Here are some examples of over-reactions based on fear, and ignorance:

  • A North Carolina school district forced an assistant principal to stay home for 21 days because she visited South Africa
  • Several universities cancelled talks by people from Africa or those who had visited lately
  • A Congressional candidate called for a citywide “no touching” edict in Dallas

I’m currently in the USA, and am hearing far too many fearful conversations about the risks people perceive themselves as being exposed to. Americans can be somewhat paranoid, but the fear is most likely quite universal.
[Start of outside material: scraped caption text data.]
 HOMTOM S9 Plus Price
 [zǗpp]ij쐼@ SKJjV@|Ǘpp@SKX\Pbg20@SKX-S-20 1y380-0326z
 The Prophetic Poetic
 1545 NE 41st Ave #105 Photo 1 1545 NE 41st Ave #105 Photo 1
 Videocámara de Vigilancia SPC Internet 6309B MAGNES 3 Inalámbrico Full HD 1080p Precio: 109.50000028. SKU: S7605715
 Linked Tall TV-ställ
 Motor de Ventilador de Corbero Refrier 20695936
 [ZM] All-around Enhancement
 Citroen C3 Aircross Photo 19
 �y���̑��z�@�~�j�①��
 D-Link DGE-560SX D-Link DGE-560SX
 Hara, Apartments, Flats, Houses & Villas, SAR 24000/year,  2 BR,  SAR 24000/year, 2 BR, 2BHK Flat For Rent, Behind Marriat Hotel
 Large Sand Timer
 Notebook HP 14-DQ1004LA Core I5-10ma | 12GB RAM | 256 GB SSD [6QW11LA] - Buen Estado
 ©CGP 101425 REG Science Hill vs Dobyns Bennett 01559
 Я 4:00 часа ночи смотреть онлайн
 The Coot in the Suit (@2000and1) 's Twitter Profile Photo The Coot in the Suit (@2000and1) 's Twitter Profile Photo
It’s difficult, I know, but let’s not make our fears more likely to manifest themselves through panic and misinformation.

2 Replies to “#Ebola: Support, don’t stigmatise”

  1. Thanks so much for such a thoughtful analysis of the relationship between fear and engagement. As an aid worker, I find that I’m much less fearful when I’m engaging with a scary context rather than sitting at home and watching it on TV (or reading about it on the internet.) At least if I’m there (outbreak or conflict situation) I can do something about it.

    In the case of Ebola, I can understand why people don’t want to go to West Africa themselves, but I’ve been truly taken back by the anger directed at those who do. There seems to be both the fear of Ebola and the fear of people who “engage” with Ebola that goes way beyond normal health-seeking instincts like wearing a seat belt, getting a flu shot or not smoking.

    Thank you for giving your voice to support both rationality in the face of fear and my brave aid worker colleagues who, given the choice, will always engage.